The third and last kind of insights considers legislation as the main driving force for understanding intermediary institutions, and thus as the main factor responsible for societal integration. Legislation is indeed an omnipresent communication channel in all societal spheres. For example, administrative law conditions all aspects of our daily lives (Chapter 10: Thompson), while international human rights law shapes the whole institutional structure of national political orders (Chapter 12: Thornhill). This plea for legislation as the key to understanding intermediary institutions constitutes a very interesting convergence point between political science, law and economics, a proposition put forward by Sabine Frerichs (Chapter 9, p. 171). She advocates a ‘new form of legal realism, which is empirically informed and normatively committed at the same time’ for analysing political decisions in the new era of governance (p. 159).
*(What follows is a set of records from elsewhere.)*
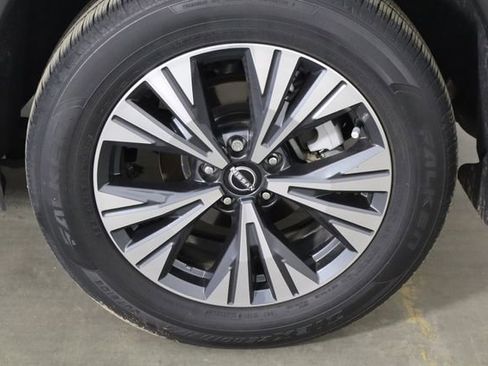 Used 2023 Nissan Rogue SV w/ SV Premium B Package image 39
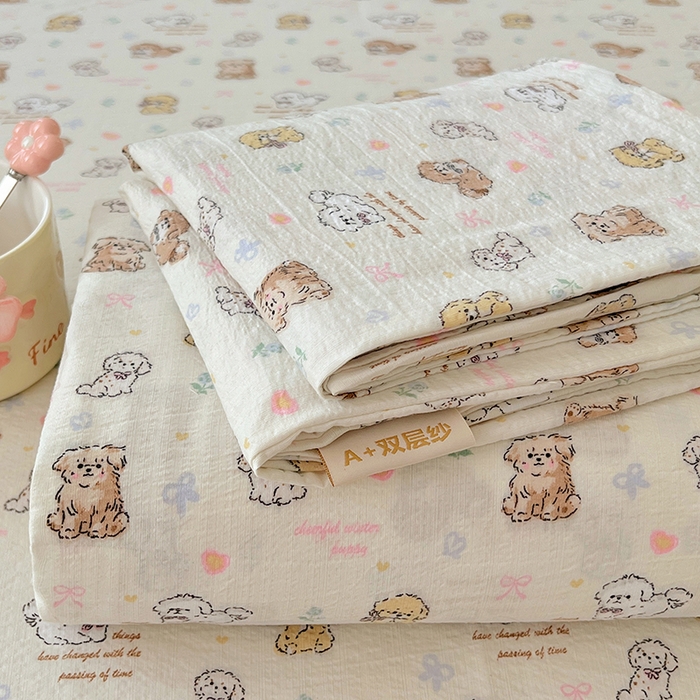 91家纺网 家纺一手货源 找家纺 卡迪熊家纺 2025新款印花木m双层纱床单系列 木m双层纱-汪星派对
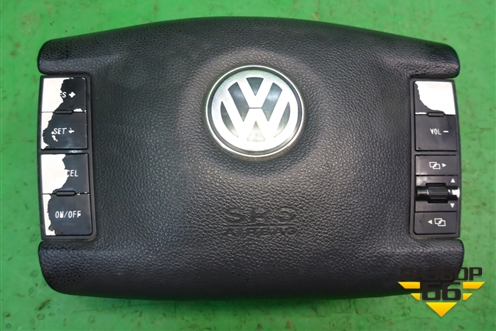 Подушка безопасности в рулевое колесо (7L6880201DA) для Volkswagen Touareg c 2002-2010г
Altogether, these three perspectives attest to the relevance of Kjaer’s proposed theoretical framework. However, it also has some limits to transcend. A first challenge that needs to be taken into consideration is the ecological dominance of one or several spheres, impacting – strategically or not – the internal functioning of other spheres. In such circumstances, the stabilizing function of intermediary institutions is not achieved. The second challenge concerns the external compatibility between societal spheres. Gert Verschraegen (Chapter 6) shows how standardized indicators (such as the European Union Labour Force Survey (EU LFS)) are taken into account in the design of European social policies. The aim is to allow comparisons between national systems in order to build ‘governable’ policies (p. 118). While not denying the useful aspects of such ‘governance by numbers’, Verschraegen warns against simplification and decontextualization that can ‘lead to a forced commensurability of the incommensurables’ (p. 119). These two limits will certainly have to be treated in the future development of the theoretical framework. Further research should aim at refining the dual function of intermediary institutions. This suggestion is based on the sociological approach recommended on several occasions throughout the contributions, such as the adoption of a bottom-up perspective to explore the nature of governance (Thompson p. 177).
To conclude, one should emphasize the richness of this book in terms of proposals. It succeeds in embedding governance in the continuity of corporatism and neo-corporatism, and provides analytical tools to comprehend it as an independent social phenomenon. Social scientists working on governance will therefore find food for thought in this book. It can also be used by those who work in a more policy-oriented way because it tends to reduce the vagueness sometimes associated with governance. Moreover, the authors’ ability to keep in line with the definition of intermediary institutions provided at the beginning is worth emphasizing. Gathering contributions based on such an abstract framework is a gamble. This book definitely pulls it off, with each chapter successful in clarifying in its own way the definition of intermediary institutions, in identifying some of their limits, and in setting a future research agenda. As this project is still ongoing, 2 we look forward to future outputs.